Oct 05 2016


Published by at 12:50 pm under Articles,Palestinian politics


By Daoud Kuttab

Shimon Peres will be remembered mostly for the same reason the assassinated Israeli prime minister Yitzhak Rabin is: both were architects of the Oslo Peace Accords and were awarded, along with Yasser Arafat, the Nobel Peace Prize for this agreement.
Both Rabin and Peres were hardened Israeli Zionists committed to the need for a “Jewish state”, and had little problem with the way their decisions affected the Palestinians.

Peres fathered the nuclear programme and was a supporter of the settlement enterprise, but at the same time supported the peace process and accepted the Oslo parameters. Their only difference was in style rather than in substance.
Shimon Peres focused a lot on the appearances of peace rather than its reality. His attacks on Lebanon, after he became prime minister in 1995, following Rabin’s assassination, was on his biggest mistakes.

After Israel’s 1985 withdrawal from Lebanon, Israeli military wanted to deter attacks on Israel.
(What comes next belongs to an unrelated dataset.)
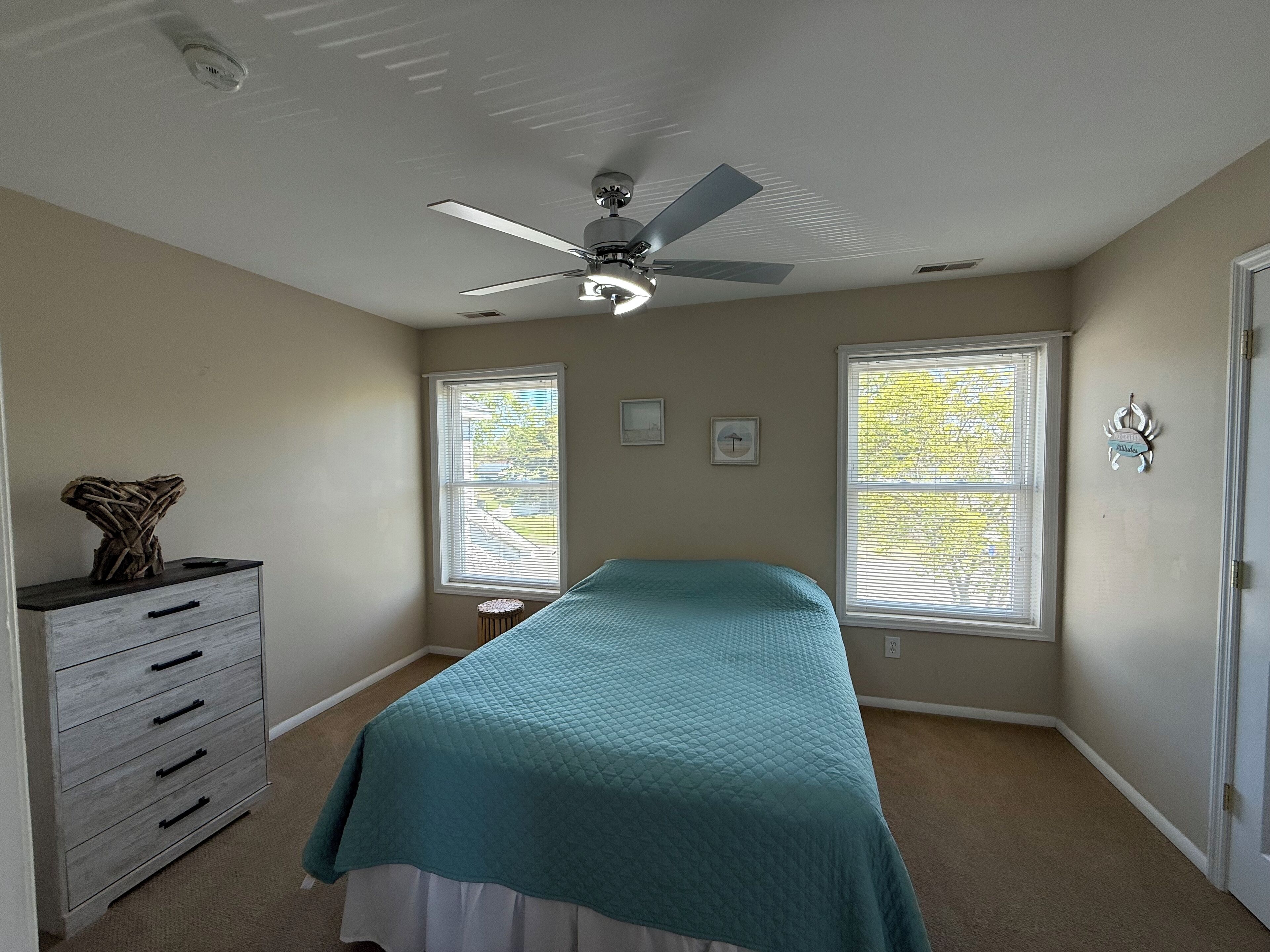 A bedroom with a bed, a ceiling fan, a dresser, and two windows with blinds.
Israeli artillery hit a UN outpost in south Lebanon’s Kafr Kana, killing nearly 100 people who had tried to shelter themselves from the Israeli onslaught at the internationally flagged UN location.

That attack turned Palestinian citizens against Peres and at the time of elections, many voted with white ballots in protest to the killings in Kana.
Many argue that the disqualified votes probably cost Peres the election to the Likud’s rising star at the time, Benjamin Netanyahu.

With Peres’ electoral loss, the Oslo Peace Accords were practically scrapped and today, more than 20 years later, we are in a far worse situation than we were then.

It may be futile to discuss what would have happened had Rabin not been assassinated or had Peres not lost the election to Netanyahu. But the fact is that the hope that came with the breakthrough in Oslo has not only disappeared, but Palestinians are much worse off now than they were then, with settlements having tripled in size and Israel succeeding in having found a formula where it does not have to rule major Palestinian-populated areas while, at the same time, not making any concessions on sovereignty and overall peace.

Historians and pundits might argue that Palestinians have made plenty of mistakes as well and that using the absence of Rabin and Peres for inaction is simply finding a scapegoat.

Whatever the reasons, the attitude of Palestinians towards Peres differ diametrically from those of Israelis and many in the international community who consider the Nobel Prize winner a man of great stature and a peacemaker.

While Peres was the architect of the Oslo accords, he had, before that and after the PLO and Israel recognised each other, dreams of including Jordan in any long-term agreement.

In 2007, long after the Palestinian-Israeli memorandum of understanding, Peres revisited the Jordan option in his testimony to the Winograd committee looking into the war on Lebanon.

“We have to seek a new structure with the Palestinians. In my heart, I have returned to the conclusion that I always held in life: we must bring in the Jordanians. We cannot make peace only with the Palestinians.”

Peres was a smart, internationally respected Israeli Zionist leader. His high point was the Oslo accords, but for most Palestinians, he was always able to talk about peace but never able to bring peace about.